§ **Exercise requirements**: Could you copy exactly the lines below, beginning at the line with "302 Begona Ct, Laredo, Texas" and stopping after the line with "Spacious Five‐Bedroom Residence", with no pictures?

§ **Record set**:
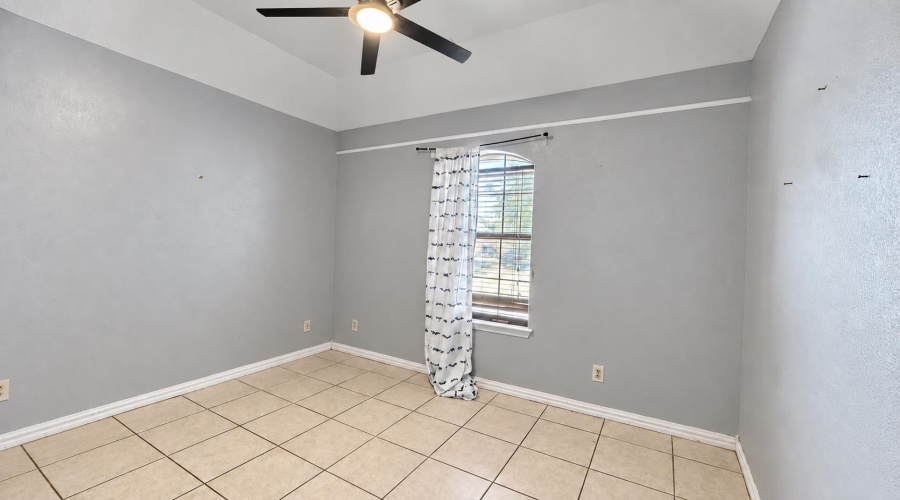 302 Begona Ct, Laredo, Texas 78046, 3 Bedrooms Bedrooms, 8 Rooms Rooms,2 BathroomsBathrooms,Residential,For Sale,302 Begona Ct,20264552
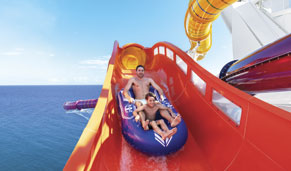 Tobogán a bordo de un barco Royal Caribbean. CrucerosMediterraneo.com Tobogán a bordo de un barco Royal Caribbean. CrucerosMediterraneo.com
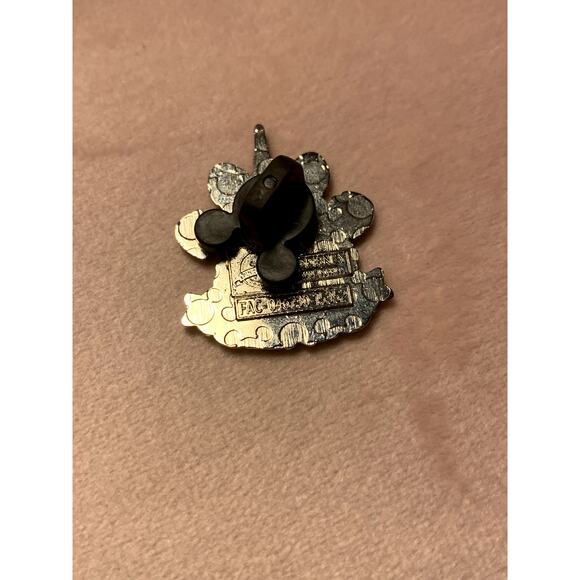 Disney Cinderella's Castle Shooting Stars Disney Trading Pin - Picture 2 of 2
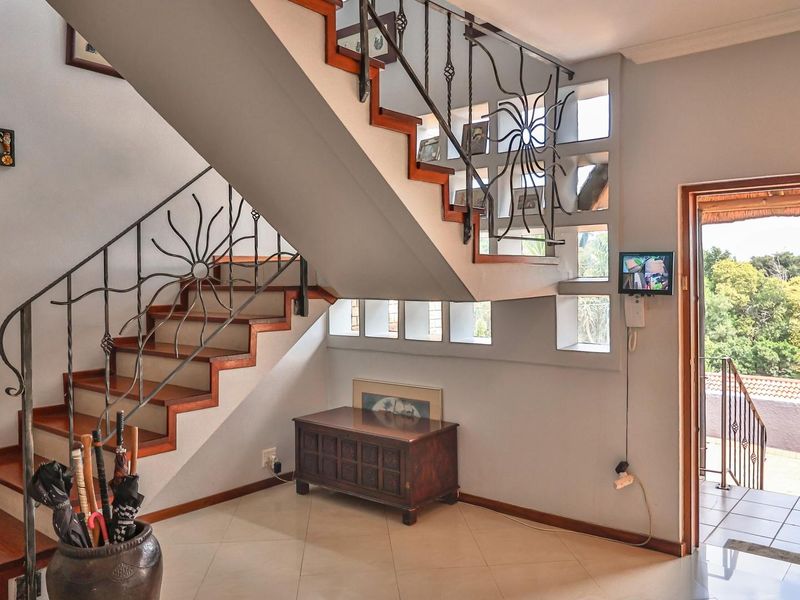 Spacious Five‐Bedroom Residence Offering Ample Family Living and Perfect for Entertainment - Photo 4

---

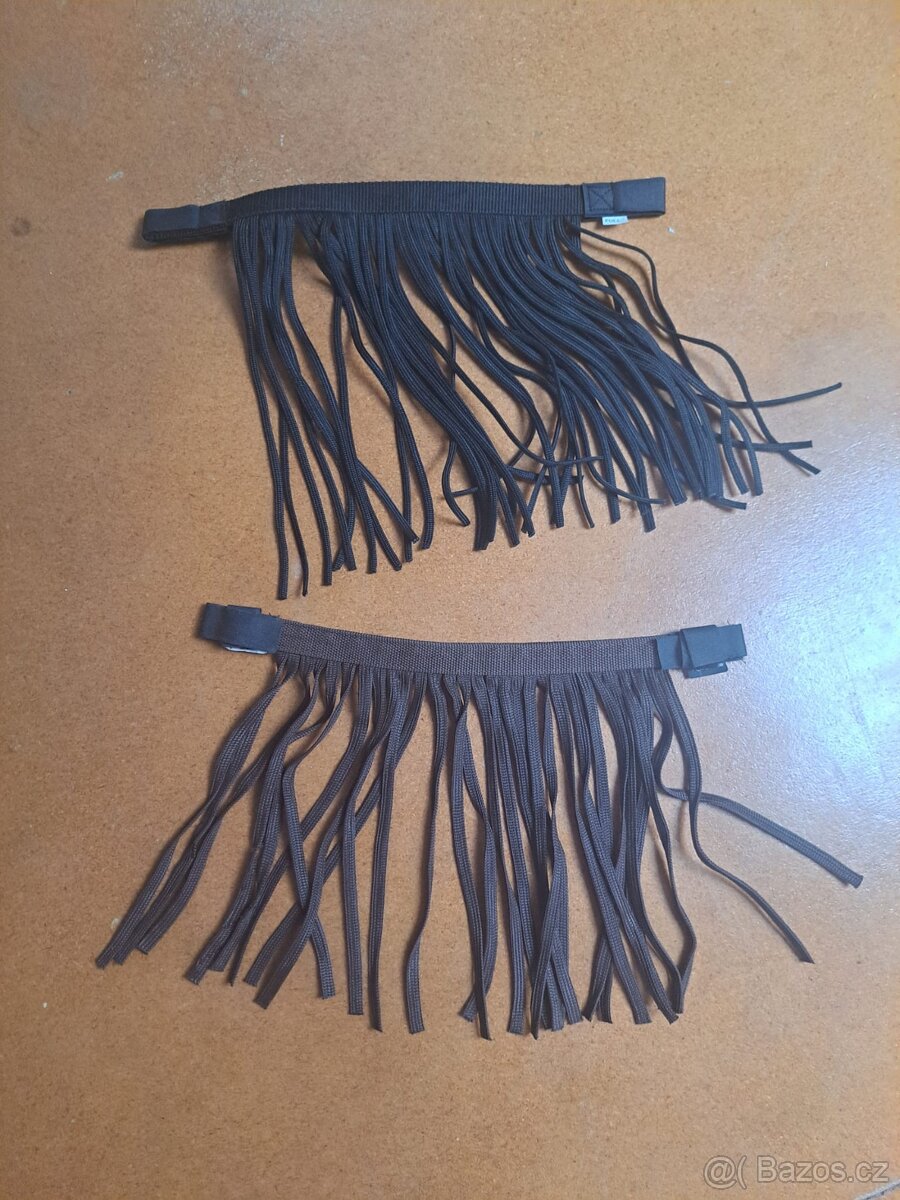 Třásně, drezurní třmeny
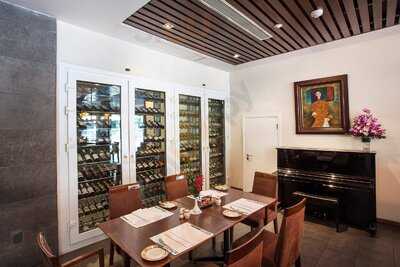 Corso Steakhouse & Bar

§ **Answer for the task**:
 302 Begona Ct, Laredo, Texas 78046, 3 Bedrooms Bedrooms, 8 Rooms Rooms,2 BathroomsBathrooms,Residential,For Sale,302 Begona Ct,20264552
 Tobogán a bordo de un barco Royal Caribbean. CrucerosMediterraneo.com Tobogán a bordo de un barco Royal Caribbean. CrucerosMediterraneo.com
 Disney Cinderella's Castle Shooting Stars Disney Trading Pin - Picture 2 of 2
 Spacious Five‐Bedroom Residence Offering Ample Family Living and Perfect for Entertainment - Photo 4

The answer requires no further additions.